Despite this distinction, concerns over job security and a future made up of ‘AI lawyers’ still remains top of mind in industry conversations.
Defining the opportunities and limitations of AI
As firms and legal teams discover, pilot, and purchase new legal technologies, the opportunities and limitations of AI develop from hunches to lived experiences.
AI is a powerful tool for discovery, summarization, and review processes. However, it does have limitations. Leaders of AI adoption within firms and legal teams need to understand where the capabilities of the technology begin and end. Senior NLP Engineer, David Smythe, at DraftWise shares where LLMs face limitations:
“It’s a well-documented observation that LLMs struggle with complex math and abstract reasoning, to the great amusement of ChatGPT users everywhere. This “misbehavior,” though it can be mitigated somewhat with fine-tuning and building bigger models with more data, is actually a fundamental feature of how these models operate.”
Solutions that are white labeled, ChatGPT wrappers are especially prone to misbehavior as they are not fine-tuned to consider precedent-based language. To benefit from the full capabilities of AI, firms and legal teams need solutions that applies gold-standard language, client preferences, and best practices.
Trust is essential
Legal teams and attorneys will not use what they don’t trust. To stand out in the concentrated legal technology space, tools need to consistently prove that they are accurate, reliable, and useful.
ILTACON 2024 affirmed that firms and legal teams are willing to invest and experiment with new tools, with the goal of learning how to best apply AI technology. Top global firms such as Orrick and Mischon de Reya, among others, are deeply invested in the early-stage tech ecosystem, touting firm-led incubator programs to learn about the “what’s possible” and elevate builders in legal.

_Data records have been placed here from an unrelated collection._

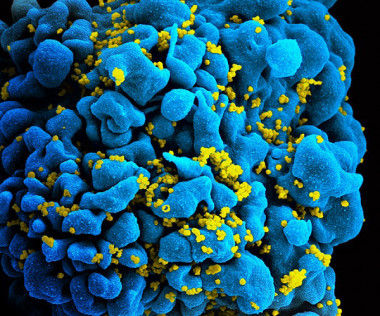<p>Partículas de VIH infectando a un linfocito T. / <a href="https://commons.wikimedia.org/wiki/File:HIV_H9_T-cell.jpg" target="_blank">National Institutes of Health (NIH)</a>.</p>
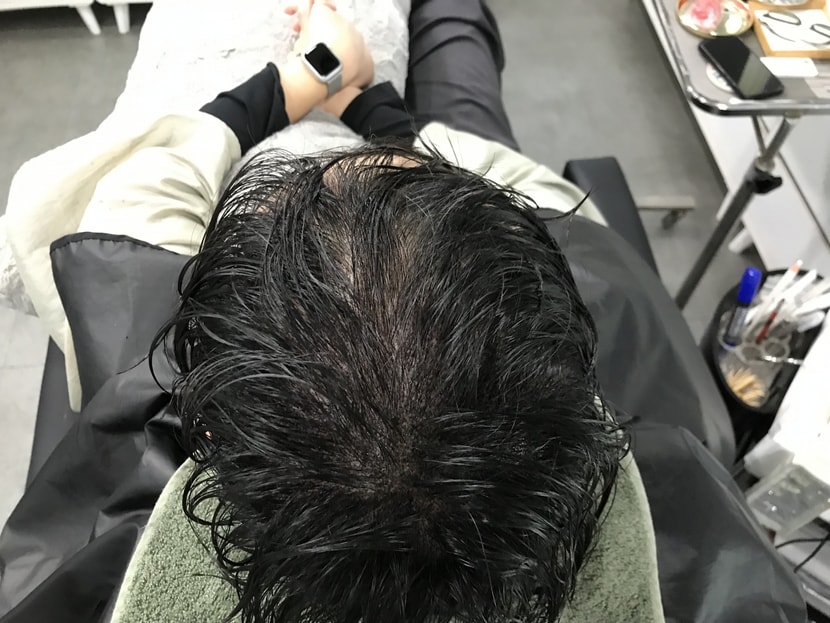후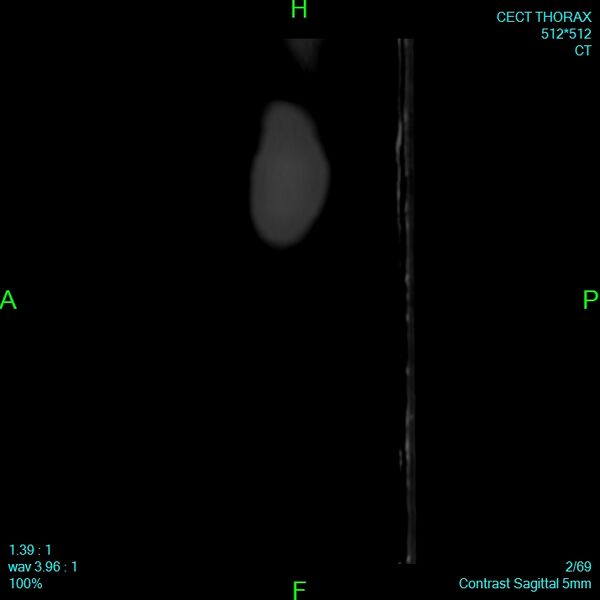 File:Bone metastases from lung carcinoma (Radiopaedia 54703-60937 Sagittal bone window 2).jpg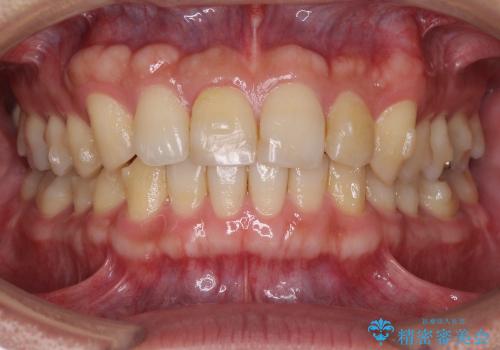 前歯の軽度のでこぼこをインビザライン　ライトで改善の治療中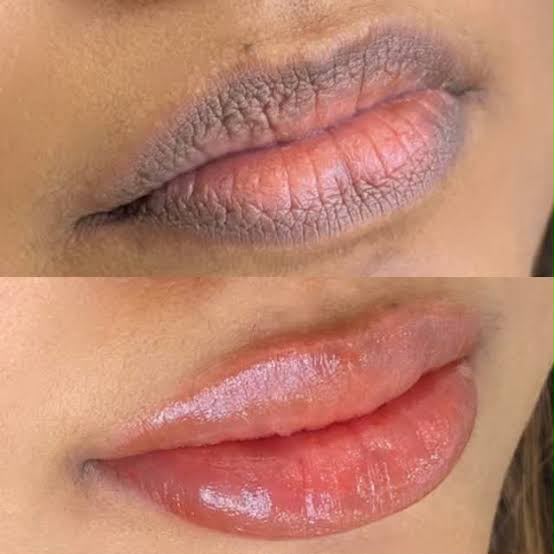 Grey, two-toned lip pigmentation before treatment, and an even, healthy lip tone after the dark lips colour correction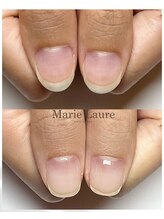 マリーロール 梅田店(Marie Laure)/自爪育成/深爪矯正/ネイルケア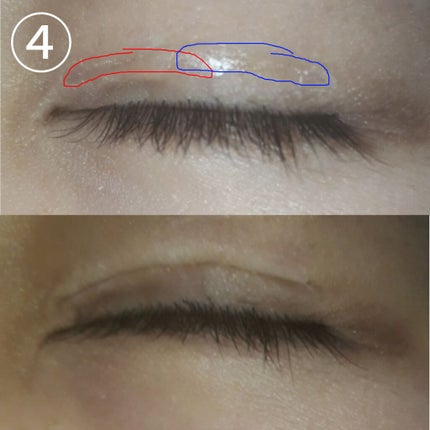 アイテープ 埋没式両面テープ/DAISO/二重まぶた用アイテムを使ったクチコミ(3枚目)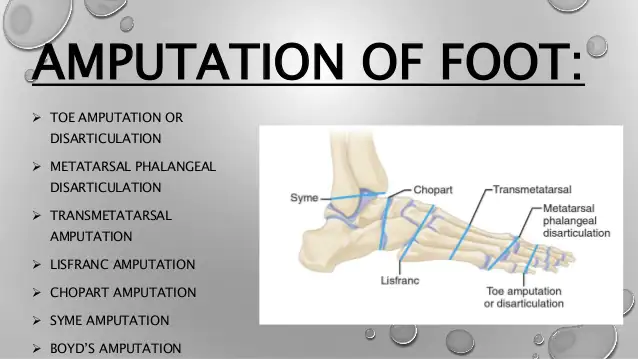 Amputation Of Foot: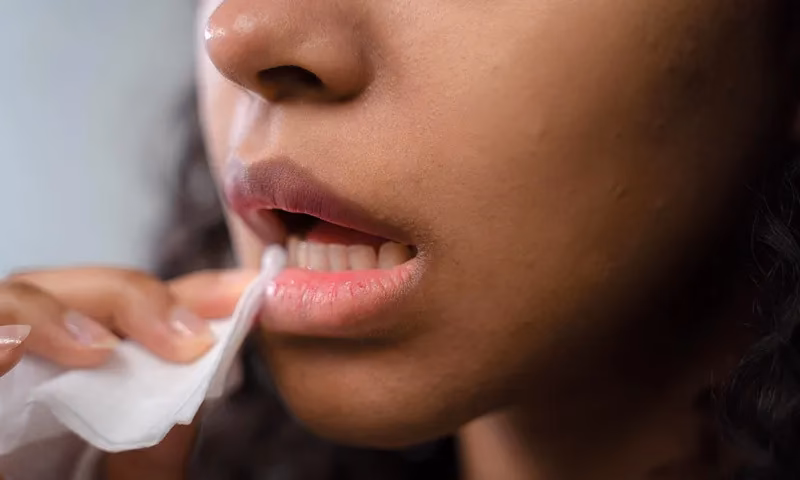 ¿Qué hacer si hay indicios de boca seca?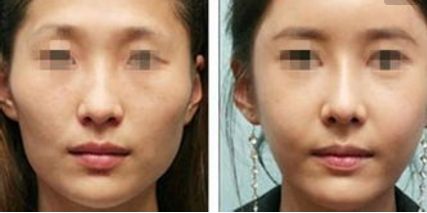 成都最佳雙眼皮修復(fù)醫(yī)院推薦，信譽(yù)口碑好的五家專業(yè)機(jī)構(gòu)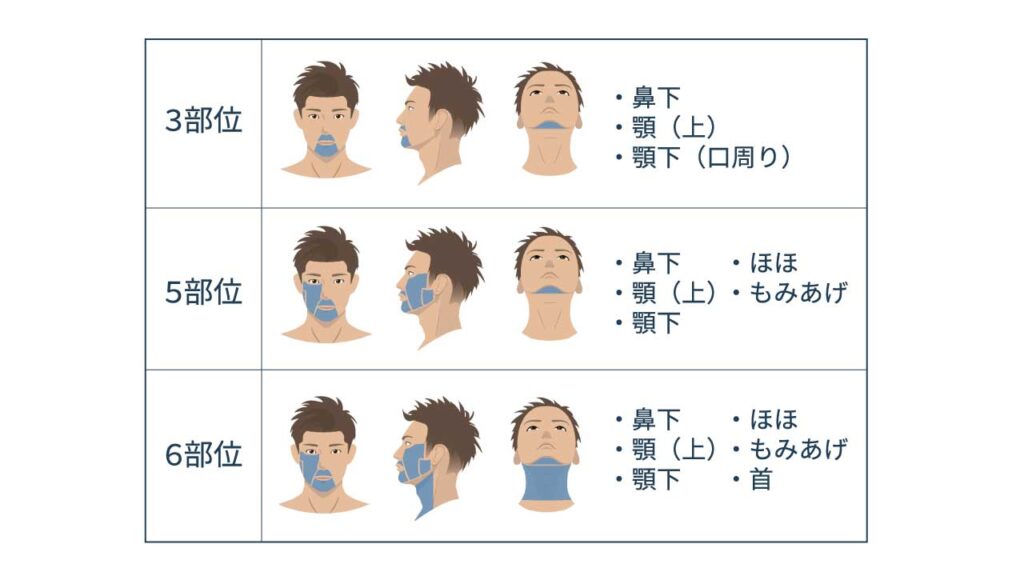 脱毛部位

The future of LegalTech: purpose-built solutions
As firms and legal teams gain more experience with and exposure to legal AI technology they learn what works and what doesn't.
Many firms and legal teams feel that while AI holds great promise, its delivery has failed to meet their specific needs and promised value. The issue isn't the capability of AI itself, but rather how it’s applied. Many AI solutions on today’s market miss the mark because they are not built to solve specific pain points.
Legal processes are inherently built on precedent. Legal technology that doesn't align its build with this principle will struggle to provide lasting value to firms, legal teams, and end users. The market is crowded with generalized solutions, but firms and legal teams are discovering that these models don’t translate the value of their deal history.